Someone asked about the use of MySQL in Google.  Greg said, "We use it specifically because it is open source".  When you buy from a vendor you are subject to the whims of that vendor.  Google had an instance where they were using proprietary software and needed a feature to be added.  The vendor said no.  Google offered to pay for a developer.  The vendor said no!  Google obviously wasn't happy with this, and open source is one solution.  (Obviously not having to pay Oracle a per cpu license for 1000's of machines is probably another reason, but not one that Greg mentioned).

There was talk about testing and code quality of python.  Greg said that by using code coverage for an interpreted language.  Once you have coverage on a line you know it will "compile" much like a C or Java program.  So you can get around typos somewhat with that.
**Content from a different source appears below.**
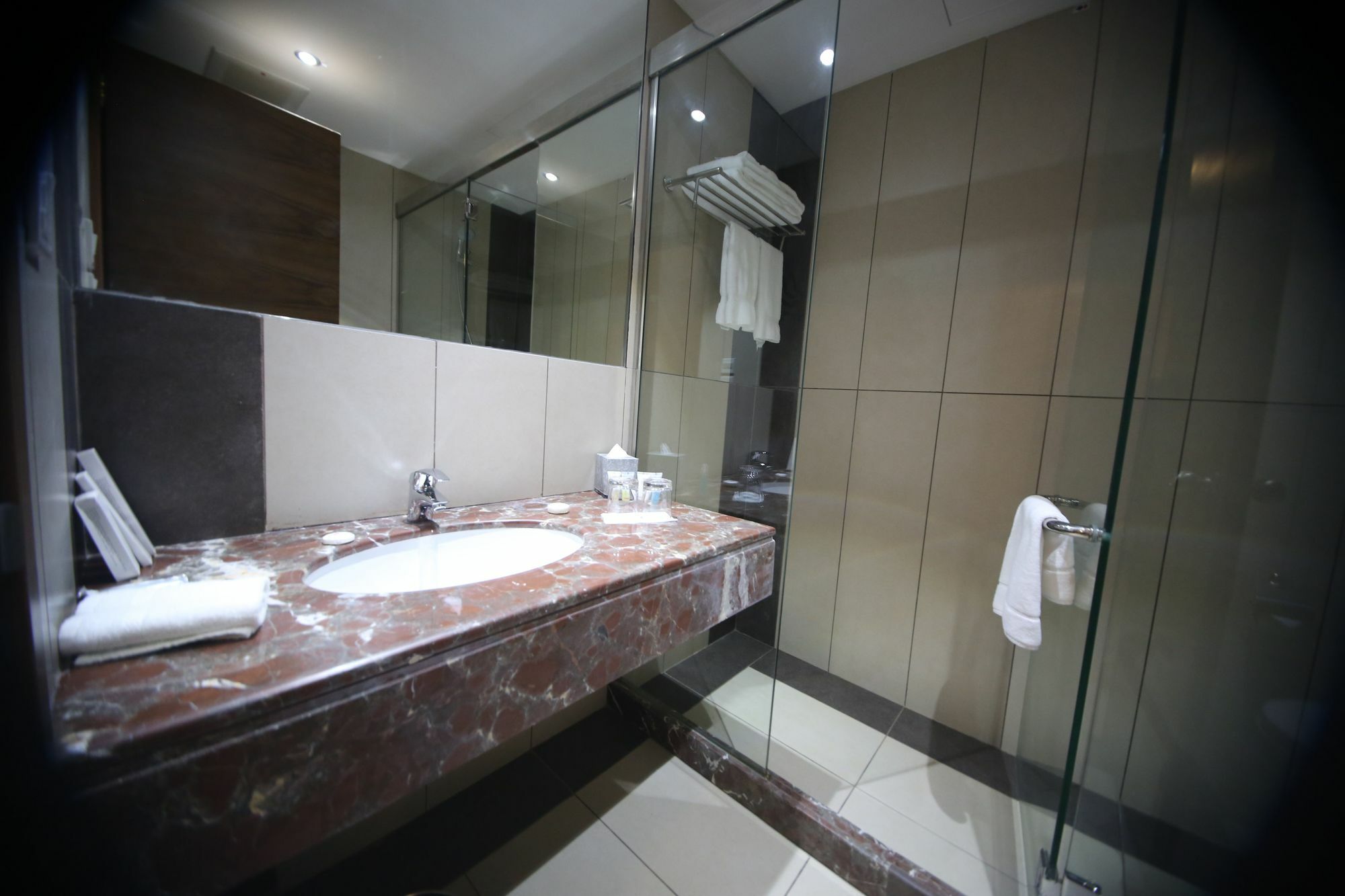 Mena Airport Hotel Jeddah Exterior photo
Someone asked why Google even used Java at all?  Greg appeared to bite his tongue and then said that there are a lot of good java programmers out there and Google hires a few of them.

On the issue of catching bugs, Greg mentioned that because they are running code on tens of thousands of machines, that they see bugs that appear less frequently A LOT more than most people.  They've run into obscure kernel bugs that other people rarely run into.  So he said, Google's production code is quite good, because bugs get exposed early and often.

There was a question on the GIL (global interpreter lock) in python.  Greg said he tried to remove the GIL a few years back, but it was a quick hack and slowed some things down.  He said that trying to remove it now would prove very difficult (hopefully PyPy helps here).  But Greg's suggestion was to use RPC instead of threading.

All in all it was a very good talk, providing interesting insight from a man who has a lot of experience using Python.  It was also fun to see where Google is using python inside.

tags:          

links: digg this    del.icio.us    reddit




1. Mike A. Owens left...
2006.02.04 Sat 3:08 am :: http://mike.filespanker.com/

Thanks for taking the time to write this summary.

It's refreshing to see such a large tech company not attempting to enforce "one true way" technology mandates on the engineers.


2. GoogleEmployee left...
2006.02.04 Sat 10:18 am

RPC is the method Google uses to scale horizontally so well. They have their own internal binary wire format that speaks over http. Programmers can easy speak this format using Java, C++ or Python. Using RPC allows Google to divide computing problems up across large numbers of servers.

Not true. Google uses 9P, not http.


3. test left...
2006.03.07 Tue 1:19 am

>Not true. Google uses 9P, not http. I would very much like to know how you know that.


4. Matt left...
2006.03.16 Thu 10:26 am

Re: 9P take it as a grain of salt


5. Roman left...
2006.06.19 Mon 11:34 pm :: http://www.language-binding.net/

Hi. I develop code generator for boost.python library. This code generator introduces few ideas not found in others. It allows to minimize support and development time to minimum.

You can study next use case - Python bindings for Ogre engine:

http://lakin.weckers.net/index_ogre_python.html http://www.ogre3d.org/phpBB2addons/viewtopic.php?t=1478

I hope you will find it interesting and useful.


6. Harish Mallipeddi left...
2007.02.16 Fri 6:38 am

Hi,

How does PyPy solve the GIL problem? I recollect that PyPy is an implementation of Python in Python.